Schwedische Studie: Putzen und Kinderhüten ist den Frauen angeboren

Ingrid Raagaard

STOCKHOLM. Frauen putzen und sorgen für die Kinder, Männer sind waghalsig und übermütig. Das ist kein dummes Vorurteil, sondern laut der schwedischen Professorin und Hirnforscherin Dr. Annica Dahlström (65) ein Ergebnis unserer Hirntätigkeit.
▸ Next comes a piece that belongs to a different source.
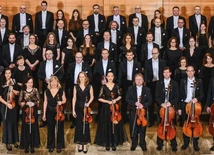 Mamy dla Was zaproszenia na koncert symfoniczny
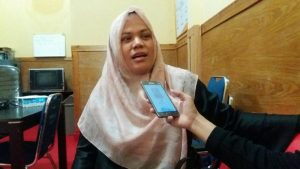 Kampanye di Media Massa Hanya Kewenangan KPU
Der wissenschaftliche Hintergrund: Die Entwicklung des ungeborenen Kindes im Mutterleib wird von Hormonen beeinflusst. Das Testosteron steuert die Entwicklung der Jungen, Östrogene die Entwicklung der Mädchen. Nur wenn die werdende Mutter unter Stress leidet, kann die Hormonausschüttung aus dem Gleichgewicht geraten. Zu viel Testosteron lässt Mädchenhirne maskuliner werden. Wenn aber alles so läuft, wie es soll, dann werden bereits während der Schwangerschaft aufgrund der Hormone beim Kind die wichtigsten geschlechtsspezifischen Eigenschaften im Hirn festgelegt.

Dr. Annica Dahlström: "Frauen können sich besser um Kinder kümmern, und sie haben mehr Fantasie. Frauen können Gefahren deshalb besser erkennen, während Männer sogar zur direkten Gefahr für kleine Kinder werden können. Sie schätzen Gefahren falsch ein."
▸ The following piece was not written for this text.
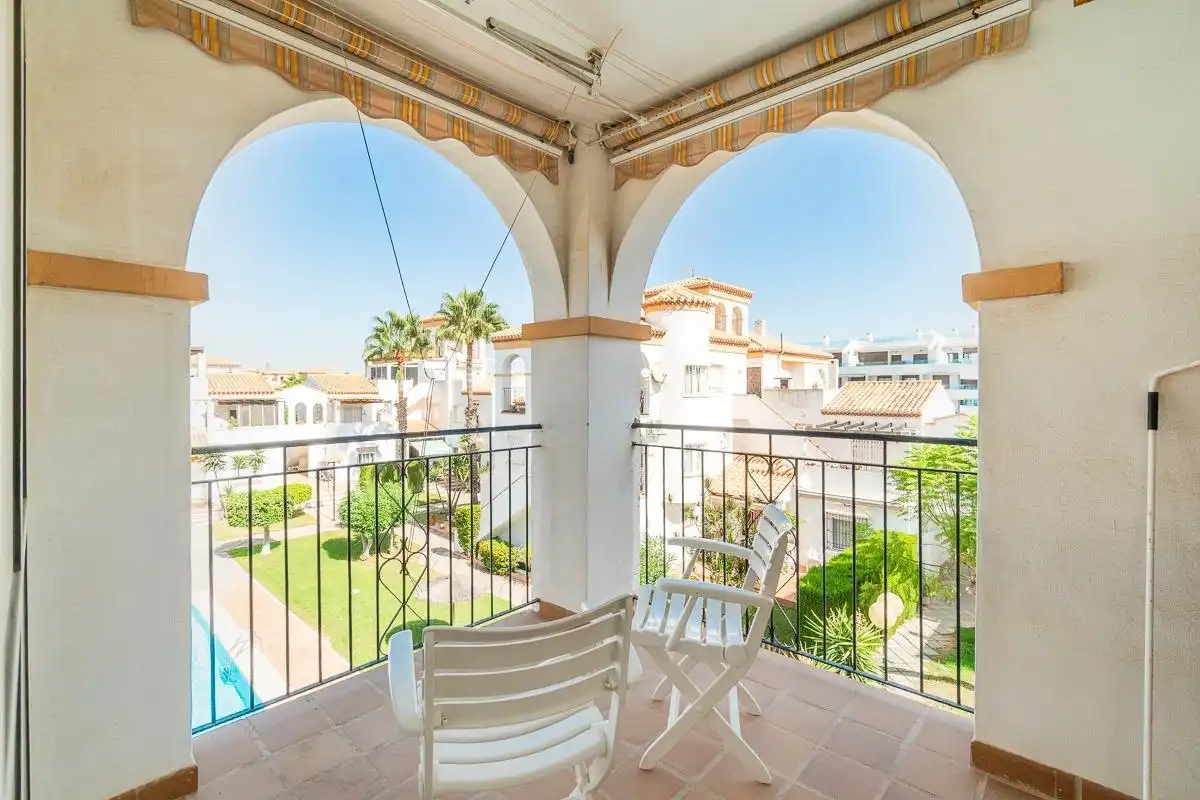 Attico in vendita a Orihuela Costa, imagen 23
Laut Dahlström sieht die Liste der angeborenen weiblichen Talente folgendermaßen aus: Frauen sind sauber und ordentlich, sie sorgen für Geborgenheit. Frauen können sich besser um Kinder kümmern, und sie sind vorsichtig. Frauen sind sozial, sie kümmern sich um die Schwachen und um die Alten, und sie unterrichten. Frauen sind sogar die besseren Chefs, weil sie den ganzen Menschen sehen. Frauen kommunizieren besser.

Die Liste der männlichen angeborenen Talente beschreibt die Wissenschaftlerin so: Sie sind technisch begabt, sie können sich konzentrieren und Dinge bis zum Ende bringen. Sie haben einen angeborenen Wettbewerbsinstinkt, sie sind waghalsiger und haben eine höhere Schmerzgrenze als Frauen.